Not all that long ago a couple of people asked me what I knew about this Ralph Multer guy. I hadn’t heard of him but did a little research and discovered he was about to be added to the list of Roswell witnesses. Well, not really. His family was saying that he had told them about his brush with the Roswell case so his name might be added but he wouldn’t be telling us anything new.
Multer, who was described by Ed Balint at CantonRep.com, as a blue-collar worker, a World War II veteran who had been wounded during the war and had participated in the Invasion of Iwo Jima, apparently told family before he died that he had seen something from another world. He was married young and worked at the Timken Company as a truck driver.
According to the family, he told them that he had hauled debris from the flying saucer crash for testing at the plant. He said he had been told, along with two fellow truck drivers to pick up a load from the rail yard. He said that three trucks, covered by tarps, carried the material to the Timken furnaces for testing. His truck had the largest of the loads.
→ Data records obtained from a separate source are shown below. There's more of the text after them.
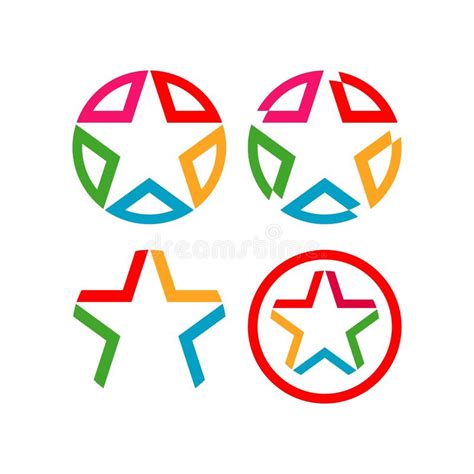 Star Logo Vector Template Design Illustration Stock Vector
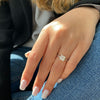 1.0ct Princess Cut Solitaire Style Moissanite Engagement Ring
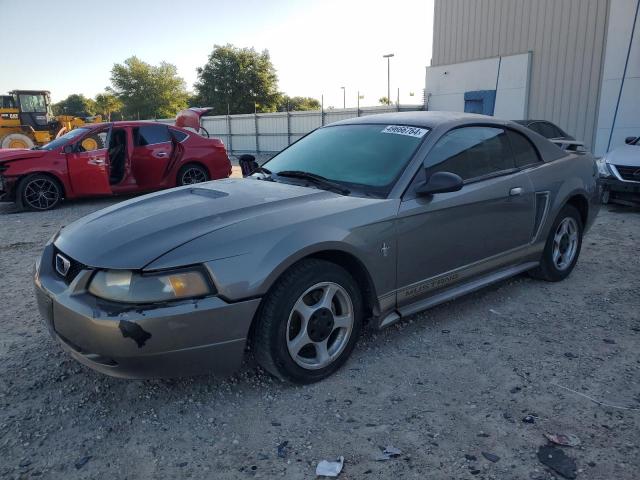 1FAFP40442F176667 - 2002 FORD MUSTANG GRAY photo 1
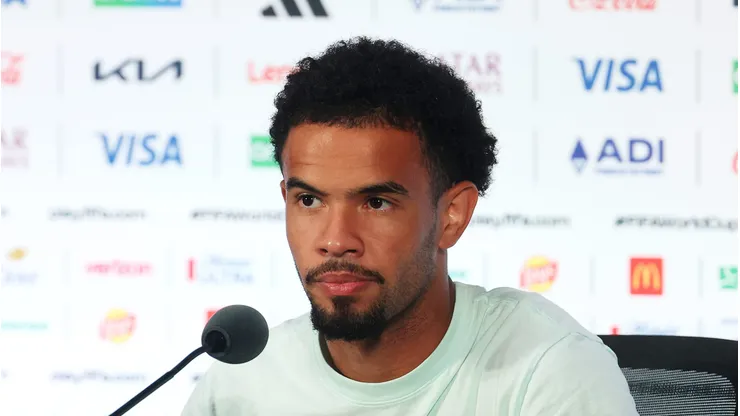 Warren Zaïre-Emery em entrevista coletiva da França (Photo by Stacy Revere/Getty Images)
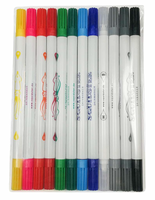 Squidster Skin Marker Set-11 colors + 1 Eraser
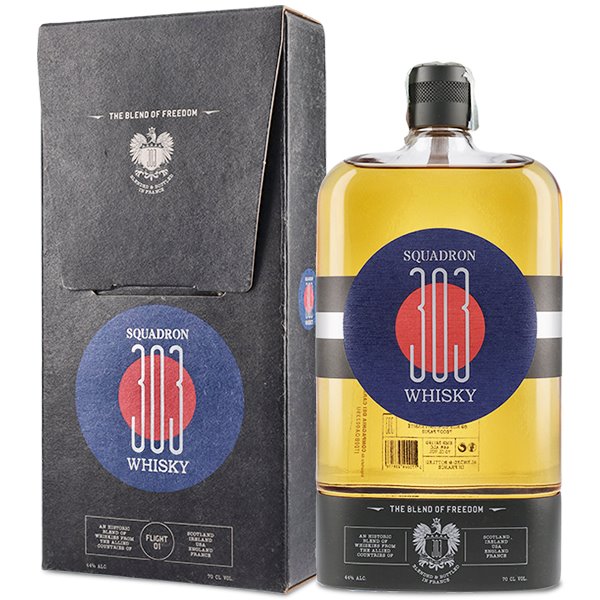 Whiskey Squadron 303 Blend of Freedom (70cl 44%) - crb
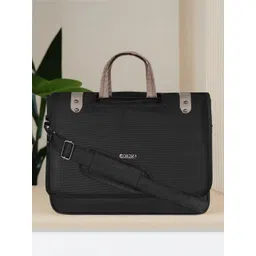 LOREM Men Textured Laptop Bag-picture-30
When they arrived at the plant, the were met by the FBI agents. In an incredible breach of security, one of that agents told him that the metal had come from a flying saucer recovered in New Mexico. Multer was told by an FBI agent not to tell anyone about what he had seen. It was all highly classified.
According to the story, Multer talked to someone at the plant who told him that the metal couldn’t be cut and couldn’t be heated, let alone melted. It was lightweight and silver or gray, which isn’t much of a description.
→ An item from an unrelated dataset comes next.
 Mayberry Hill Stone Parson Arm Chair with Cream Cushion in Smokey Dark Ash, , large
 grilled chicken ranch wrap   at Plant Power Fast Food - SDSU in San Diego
This story apparently surfaced in the mid-1990s when William E. Jones and Irena McCammon Scott heard it from Multer’s widow. He died in 1982 without talking to anyone about it other than family. They, of course, believe it, insisting that Multer wasn’t a liar and didn’t tell tales.
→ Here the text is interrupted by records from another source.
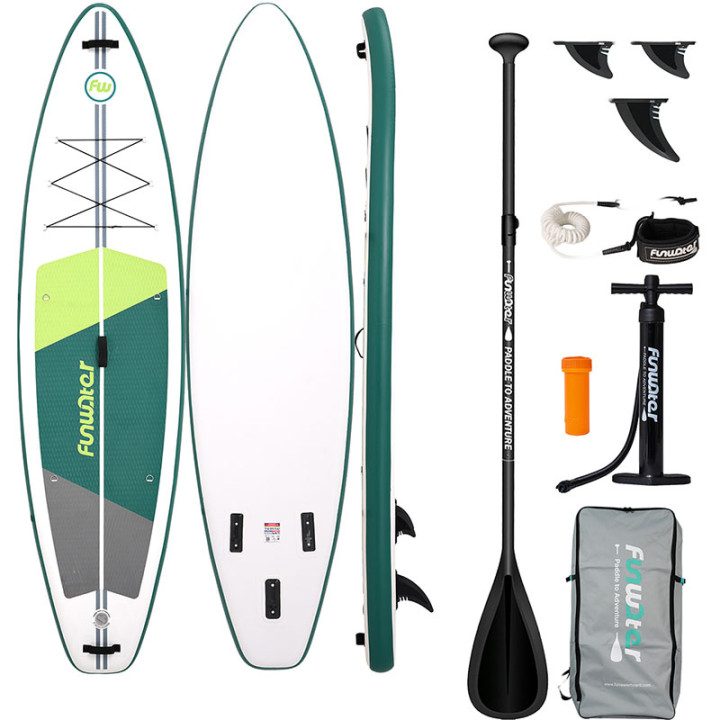 FunWater SUP irklentė SUPFW69A (žalia-balta)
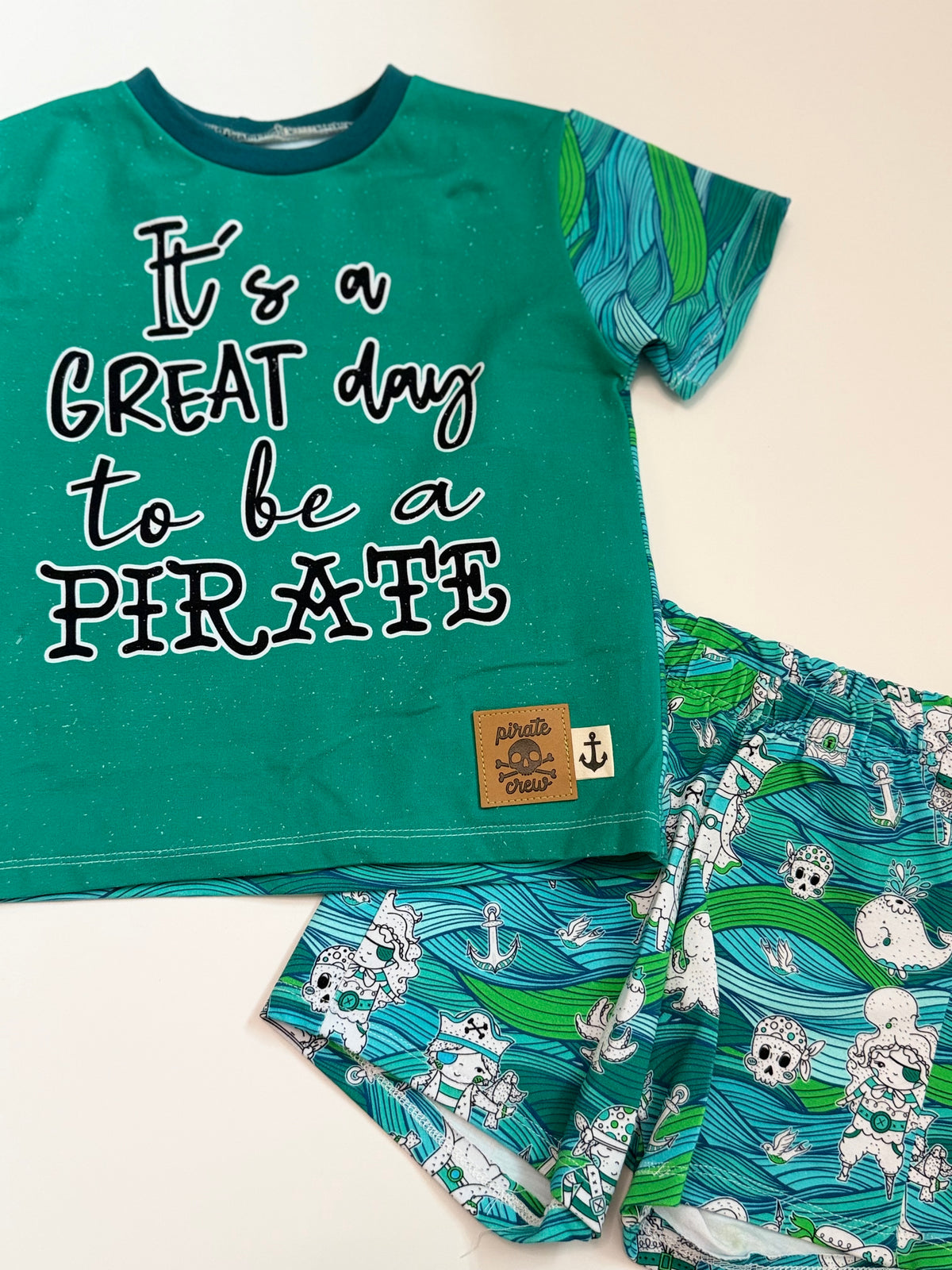 Casual Crew Set - Short Sleeve - Ready to Ship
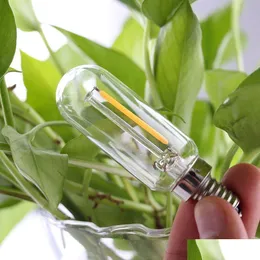 LED電球BRELONG T25 EDISON LED Filament Light BB Dimmable Candlestick Tube 1W 2W E12 E14 110V 220Vホワイトウォームドロップ配信ライトL DHR9S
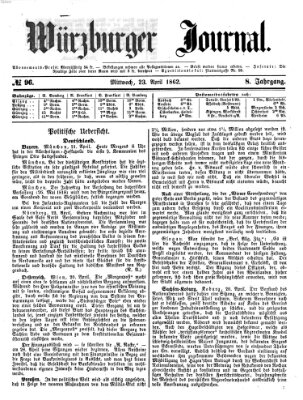 Würzburger Journal Mittwoch 23. April 1862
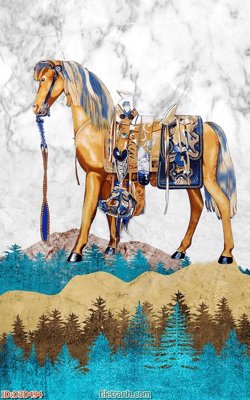 File tranh File tranh đứng lối vào D3D494 (gốc) chủ đề động vật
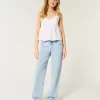 Χαμηλό ανάγλυφο Light Wash Loose Jeans Χαμηλό ανάγλυφο Light Wash Loose Jeans
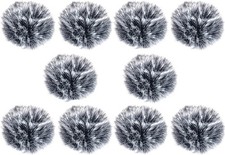 5 Packs Lavalier Microphone Wind Screen Furry Muffs Diameter 1cm Fits Most...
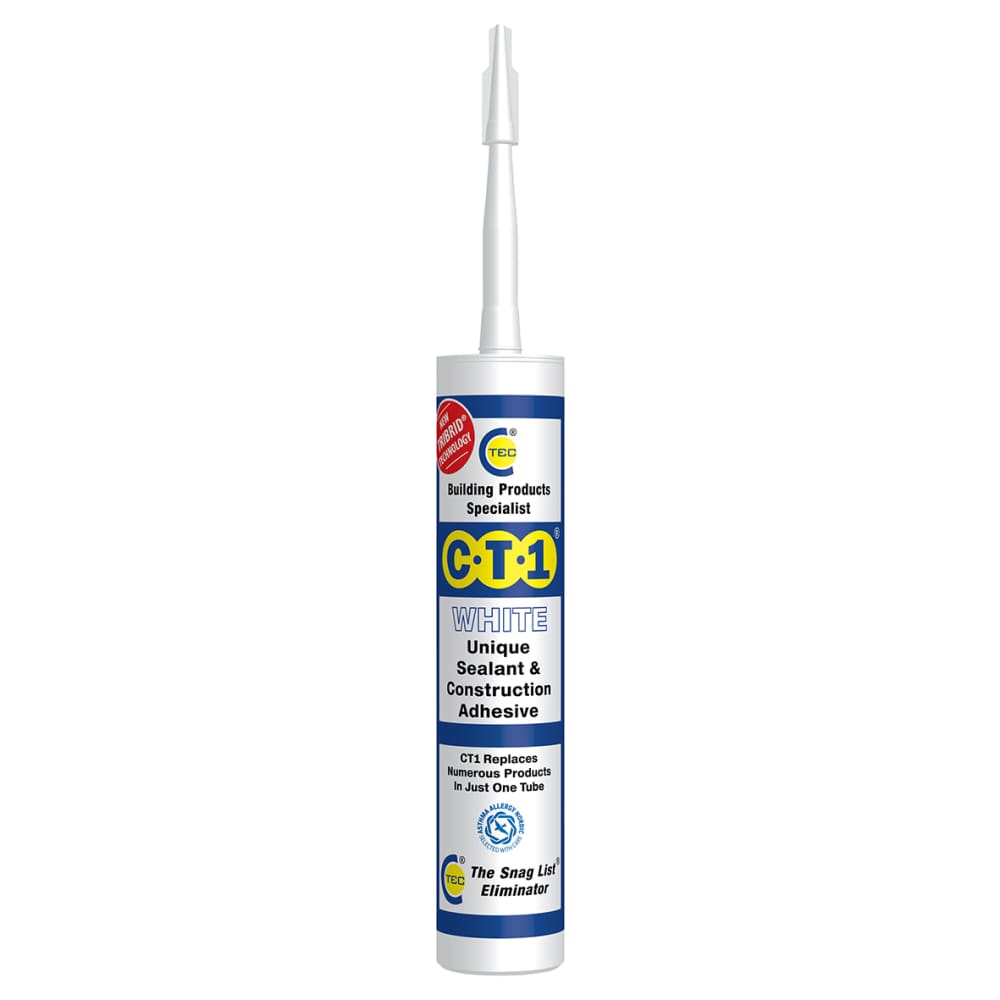 CT1 Multi-Surface Sealant & Adhesive - 290ml - White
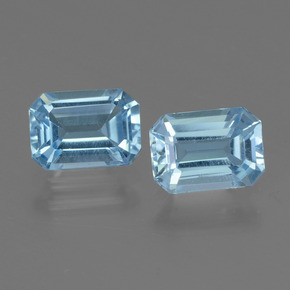 Deep Maya Blue Topaz Gem - 1.1ct Octagon Step Cut (ID: 448024)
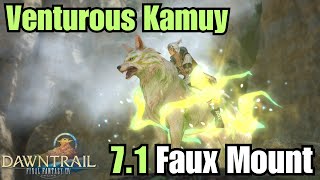 FFXIV Mounts Venturous Kamuy [upl. by Ecertap]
So, what do we make of all this. Frankly, I’m quite skeptical of this story. Why? Because there is no reason for the Army to have taken that much debris to a private company to run these sorts of tests. The facilities at Wright Field, in 1947, could have run the tests and not risk compromising the case. Why take that chance?
And, of course, the testing was compromised by Multer. He told family about it, apparently all his life. He was told not to talk, but did anyway.
And here is something else. Why was the FBI involved at all? The Army could have assured that the truck drivers and all the other civilians were warned not to talk about the case. No reason to bring in the FBI or to let even more people in on the secret.
That’s why this case breaks down. There is no need to compromise security by using a civilian agency, no matter what sort of governmental contract work they might be doing, or had done. There was no reason to take three truckloads of the stuff to Timken for testing.
If you are attempting to keep a secret, you simply do not involve people who have no need to know. You don’t ship it to a location to be put on trucks to be driven to a civilian plant. You protect it carefully and run the tests in isolation on military facilities. You don’t involve the FBI or anyone else, if you can avoid that.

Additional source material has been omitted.